Extended Data Fig. 3 Validation of CRISPR hits via manual assays.
a–i, CRISPR assays using doxycycline-inducible Cas9 in HeLa cells. Targets are divided in ones that validated and ones that did not. For each experiment, the right-set panel is qPCR data of expression 96 hours after induction of Cas9 with doxycycline. a) ZBTB11-AS1 b) HP08474 c) GREP1 d) RP11-54A9.1 e) G083755 f) OLMALINC g) CTD-2270L9.4 h) RP11-277L2.3 i) ASNSD1 uORF. j-k, CRISPR assays using stably-expressing A375 Cas9 cells. j) CTD-2270L9.4 k) ASNSD1 uORF. For all data in this figure, n = 6 technical replicates for each data point. Error bars represent standard deviation. Data was also acquired a 3 independent biological replicates based on doxycycline dose level (0.2 ug/mL, 1.0 ug/mL and 2.0 ug/mL doxycycline, as well as 0 ug/mL doxycycline). The data shown are the 1.0 ug/mL dosing level, with similar results observed for the 0.2 ug/mL and 2.0 ug/mL doxycycline dosing levels.

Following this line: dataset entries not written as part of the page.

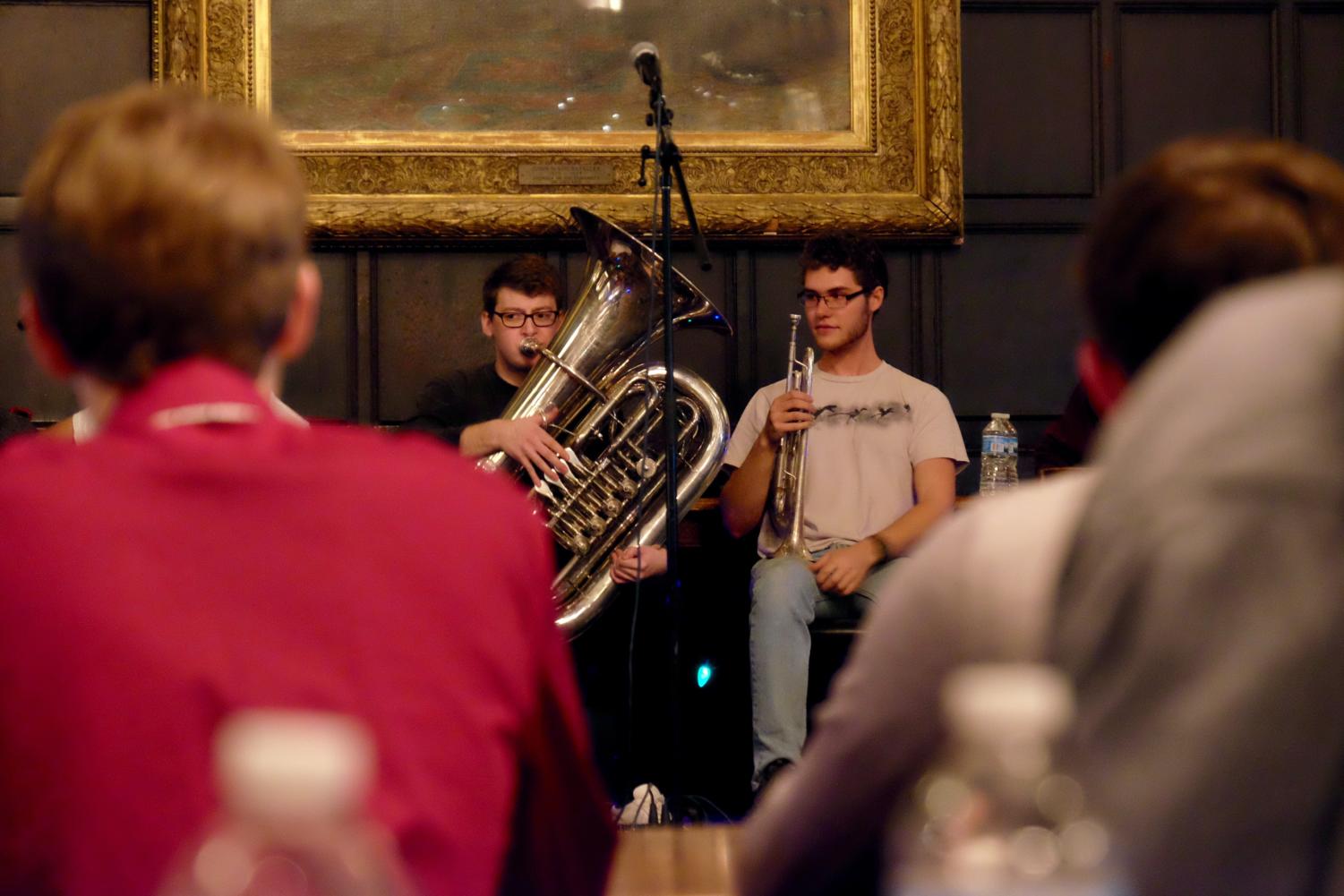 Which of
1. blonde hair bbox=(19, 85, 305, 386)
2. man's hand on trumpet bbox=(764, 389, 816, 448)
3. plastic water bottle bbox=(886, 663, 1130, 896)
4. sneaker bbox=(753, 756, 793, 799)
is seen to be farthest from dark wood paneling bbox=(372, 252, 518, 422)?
plastic water bottle bbox=(886, 663, 1130, 896)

Extended Data Fig. 4 Tiling CRISPR assays to elucidate functional non-canonical ORFs.
a, A heatmap showing log fold change viability loss at Day +21 in the secondary CRISPR screen for the indicated non-canonical ORFs tested by multiple tiling sgRNA regions. b-e, Examples of non-canonical ORFs with a CRISPR tiling phenotype. b-e) Graphical representation of tiling CRISPR assays in which each dot represents an individual sgRNA. sgRNAs are mapped to their genomic loci and the genomic region of the tiling assay is shown. The location of the putative non-canonical ORF is shown in the gene annotation above. b) CTD-2270L9.4 c) OLMALINC d) RP11-54A9.1 e) RPP14 dORF / HTD2. f - k, Representative sgRNA log fold change data for the indicated transcripts. Each tiling experiment is classified as indicated. f) LINC00662 g) RP11-195B21.3 h) LYRM4-AS1 i) ESRG j) TCONS_I2_00007040 k) LINC01184.
Extended Data Fig. 5 Specific siRNA knockdown of ZBTB11-AS1 mRNA transcript causes a viability phenotype which is specifically rescued by the wild type ZBTB11-AS1 ORF.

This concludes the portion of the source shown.